» **Try it**
Begin at the line below that has "- 2018-04-11 07:55:47" and stop after the line that has "Quinnipiac University Polar". Please restate only those lines, word for word.

» **Data records**
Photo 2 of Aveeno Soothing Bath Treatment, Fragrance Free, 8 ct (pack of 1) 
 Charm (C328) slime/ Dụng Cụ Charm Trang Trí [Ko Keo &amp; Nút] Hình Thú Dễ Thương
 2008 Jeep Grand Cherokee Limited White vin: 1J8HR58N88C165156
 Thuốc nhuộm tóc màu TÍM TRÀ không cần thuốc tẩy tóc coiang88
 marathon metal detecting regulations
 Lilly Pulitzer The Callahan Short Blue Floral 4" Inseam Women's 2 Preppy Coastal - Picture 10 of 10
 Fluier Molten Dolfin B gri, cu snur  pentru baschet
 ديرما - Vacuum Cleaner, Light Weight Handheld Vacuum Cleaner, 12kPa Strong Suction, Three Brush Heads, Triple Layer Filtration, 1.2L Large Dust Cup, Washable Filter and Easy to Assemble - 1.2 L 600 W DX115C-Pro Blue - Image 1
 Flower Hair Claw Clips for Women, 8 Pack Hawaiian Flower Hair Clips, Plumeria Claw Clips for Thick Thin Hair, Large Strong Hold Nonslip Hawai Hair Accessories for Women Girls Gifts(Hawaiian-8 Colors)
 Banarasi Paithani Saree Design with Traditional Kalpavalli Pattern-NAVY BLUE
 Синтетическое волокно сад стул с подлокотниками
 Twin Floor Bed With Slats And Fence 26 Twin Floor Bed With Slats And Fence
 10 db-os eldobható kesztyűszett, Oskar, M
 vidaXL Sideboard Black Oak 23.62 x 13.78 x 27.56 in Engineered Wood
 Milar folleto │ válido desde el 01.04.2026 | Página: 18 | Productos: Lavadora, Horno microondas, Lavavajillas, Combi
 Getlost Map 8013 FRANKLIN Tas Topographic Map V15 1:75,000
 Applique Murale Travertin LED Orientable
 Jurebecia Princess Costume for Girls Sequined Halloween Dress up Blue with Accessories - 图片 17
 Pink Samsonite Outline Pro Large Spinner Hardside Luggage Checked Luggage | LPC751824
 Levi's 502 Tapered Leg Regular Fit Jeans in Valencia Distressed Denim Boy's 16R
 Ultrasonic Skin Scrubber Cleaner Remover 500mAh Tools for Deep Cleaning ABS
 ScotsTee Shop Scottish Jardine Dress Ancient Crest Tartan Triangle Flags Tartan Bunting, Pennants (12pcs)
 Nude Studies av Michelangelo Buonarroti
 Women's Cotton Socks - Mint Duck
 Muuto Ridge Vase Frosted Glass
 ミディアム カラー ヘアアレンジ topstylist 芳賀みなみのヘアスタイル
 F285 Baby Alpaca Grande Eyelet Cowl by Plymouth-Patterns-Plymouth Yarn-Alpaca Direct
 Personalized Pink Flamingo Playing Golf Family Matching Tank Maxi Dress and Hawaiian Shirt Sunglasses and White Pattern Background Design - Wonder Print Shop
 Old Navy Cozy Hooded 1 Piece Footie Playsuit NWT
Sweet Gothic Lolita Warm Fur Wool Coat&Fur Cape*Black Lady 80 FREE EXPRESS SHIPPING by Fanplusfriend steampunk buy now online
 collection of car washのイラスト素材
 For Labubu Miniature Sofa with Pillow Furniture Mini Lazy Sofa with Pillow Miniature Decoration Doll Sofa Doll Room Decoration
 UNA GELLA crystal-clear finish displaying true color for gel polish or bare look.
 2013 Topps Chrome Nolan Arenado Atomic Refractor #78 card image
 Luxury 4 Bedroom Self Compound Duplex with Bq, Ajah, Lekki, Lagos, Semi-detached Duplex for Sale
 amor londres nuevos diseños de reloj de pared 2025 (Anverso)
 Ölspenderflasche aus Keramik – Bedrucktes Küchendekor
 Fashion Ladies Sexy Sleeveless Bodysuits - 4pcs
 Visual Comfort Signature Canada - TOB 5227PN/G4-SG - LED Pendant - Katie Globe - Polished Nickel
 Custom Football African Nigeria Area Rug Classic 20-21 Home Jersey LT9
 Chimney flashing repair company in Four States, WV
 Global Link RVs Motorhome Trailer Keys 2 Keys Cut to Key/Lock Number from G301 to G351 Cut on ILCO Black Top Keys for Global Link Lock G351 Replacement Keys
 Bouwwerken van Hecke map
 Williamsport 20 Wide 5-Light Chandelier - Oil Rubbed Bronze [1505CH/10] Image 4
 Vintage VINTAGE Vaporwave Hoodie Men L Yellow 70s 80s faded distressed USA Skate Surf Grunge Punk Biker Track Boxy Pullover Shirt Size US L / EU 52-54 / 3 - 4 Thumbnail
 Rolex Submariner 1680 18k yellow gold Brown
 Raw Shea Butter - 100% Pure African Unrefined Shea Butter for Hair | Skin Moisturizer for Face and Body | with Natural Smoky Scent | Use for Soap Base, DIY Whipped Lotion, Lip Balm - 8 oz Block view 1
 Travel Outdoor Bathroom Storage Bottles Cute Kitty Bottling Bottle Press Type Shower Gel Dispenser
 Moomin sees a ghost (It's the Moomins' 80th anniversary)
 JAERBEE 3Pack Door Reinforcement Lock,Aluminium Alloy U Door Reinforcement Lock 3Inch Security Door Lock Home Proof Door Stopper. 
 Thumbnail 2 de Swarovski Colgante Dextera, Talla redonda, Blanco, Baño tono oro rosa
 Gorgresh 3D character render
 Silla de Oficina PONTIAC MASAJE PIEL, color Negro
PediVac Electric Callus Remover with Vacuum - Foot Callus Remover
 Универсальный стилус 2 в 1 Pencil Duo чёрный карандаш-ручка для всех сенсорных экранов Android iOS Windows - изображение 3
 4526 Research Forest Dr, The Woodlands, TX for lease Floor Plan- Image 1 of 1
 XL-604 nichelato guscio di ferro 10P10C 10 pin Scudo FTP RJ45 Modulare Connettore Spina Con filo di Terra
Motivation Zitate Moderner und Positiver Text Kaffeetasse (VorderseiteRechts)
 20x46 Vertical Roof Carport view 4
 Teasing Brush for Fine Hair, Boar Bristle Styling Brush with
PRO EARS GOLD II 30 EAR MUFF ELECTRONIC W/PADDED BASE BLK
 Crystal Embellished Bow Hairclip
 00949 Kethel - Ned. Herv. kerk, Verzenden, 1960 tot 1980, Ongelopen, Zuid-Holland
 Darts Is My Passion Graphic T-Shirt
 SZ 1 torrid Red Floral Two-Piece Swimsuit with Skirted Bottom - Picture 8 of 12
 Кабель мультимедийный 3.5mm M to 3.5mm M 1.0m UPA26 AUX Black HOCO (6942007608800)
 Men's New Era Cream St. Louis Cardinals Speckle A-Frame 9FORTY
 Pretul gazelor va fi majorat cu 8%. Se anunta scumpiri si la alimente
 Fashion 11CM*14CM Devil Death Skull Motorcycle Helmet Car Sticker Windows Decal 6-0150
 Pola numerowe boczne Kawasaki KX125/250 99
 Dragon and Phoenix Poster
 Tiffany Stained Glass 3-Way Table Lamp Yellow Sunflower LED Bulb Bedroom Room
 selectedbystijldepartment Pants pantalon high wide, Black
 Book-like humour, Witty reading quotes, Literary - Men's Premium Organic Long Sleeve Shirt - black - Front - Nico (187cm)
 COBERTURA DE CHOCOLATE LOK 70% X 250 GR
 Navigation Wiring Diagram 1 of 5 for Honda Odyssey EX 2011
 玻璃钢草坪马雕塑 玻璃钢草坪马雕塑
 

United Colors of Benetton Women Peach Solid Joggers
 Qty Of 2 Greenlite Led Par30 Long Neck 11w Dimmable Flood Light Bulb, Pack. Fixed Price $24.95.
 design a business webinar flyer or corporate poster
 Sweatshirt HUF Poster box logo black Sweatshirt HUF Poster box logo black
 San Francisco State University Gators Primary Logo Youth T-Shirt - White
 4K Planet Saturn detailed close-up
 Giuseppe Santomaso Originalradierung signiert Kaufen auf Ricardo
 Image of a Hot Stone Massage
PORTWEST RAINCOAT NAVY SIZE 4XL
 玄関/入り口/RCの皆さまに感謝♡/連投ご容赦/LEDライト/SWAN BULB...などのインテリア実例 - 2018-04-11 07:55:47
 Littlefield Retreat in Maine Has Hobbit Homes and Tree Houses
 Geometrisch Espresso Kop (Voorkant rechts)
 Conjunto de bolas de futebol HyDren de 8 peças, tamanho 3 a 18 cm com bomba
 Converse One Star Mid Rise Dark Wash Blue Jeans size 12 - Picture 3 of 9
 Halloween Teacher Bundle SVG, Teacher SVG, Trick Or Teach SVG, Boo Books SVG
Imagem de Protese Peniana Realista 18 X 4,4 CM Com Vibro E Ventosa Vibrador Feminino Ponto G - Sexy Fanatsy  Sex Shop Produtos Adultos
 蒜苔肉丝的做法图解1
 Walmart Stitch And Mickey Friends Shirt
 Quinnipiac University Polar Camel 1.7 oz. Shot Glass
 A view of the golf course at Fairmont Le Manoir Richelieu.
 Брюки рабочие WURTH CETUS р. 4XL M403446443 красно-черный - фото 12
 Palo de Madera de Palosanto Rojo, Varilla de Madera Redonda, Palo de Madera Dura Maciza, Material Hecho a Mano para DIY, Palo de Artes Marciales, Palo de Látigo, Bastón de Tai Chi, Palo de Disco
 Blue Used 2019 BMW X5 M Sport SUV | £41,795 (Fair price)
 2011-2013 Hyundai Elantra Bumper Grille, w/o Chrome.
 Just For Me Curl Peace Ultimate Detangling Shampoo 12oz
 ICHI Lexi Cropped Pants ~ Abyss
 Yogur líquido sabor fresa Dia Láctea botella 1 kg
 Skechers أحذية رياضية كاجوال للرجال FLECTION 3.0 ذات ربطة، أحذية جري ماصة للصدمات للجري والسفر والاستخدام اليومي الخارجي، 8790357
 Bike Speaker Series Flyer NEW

» **Task solution**
 玄関/入り口/RCの皆さまに感謝♡/連投ご容赦/LEDライト/SWAN BULB...などのインテリア実例 - 2018-04-11 07:55:47
 Littlefield Retreat in Maine Has Hobbit Homes and Tree Houses
 Geometrisch Espresso Kop (Voorkant rechts)
 Conjunto de bolas de futebol HyDren de 8 peças, tamanho 3 a 18 cm com bomba
 Converse One Star Mid Rise Dark Wash Blue Jeans size 12 - Picture 3 of 9
 Halloween Teacher Bundle SVG, Teacher SVG, Trick Or Teach SVG, Boo Books SVG
Imagem de Protese Peniana Realista 18 X 4,4 CM Com Vibro E Ventosa Vibrador Feminino Ponto G - Sexy Fanatsy  Sex Shop Produtos Adultos
 蒜苔肉丝的做法图解1
 Walmart Stitch And Mickey Friends Shirt
 Quinnipiac University Polar Camel 1.7 oz. Shot Glass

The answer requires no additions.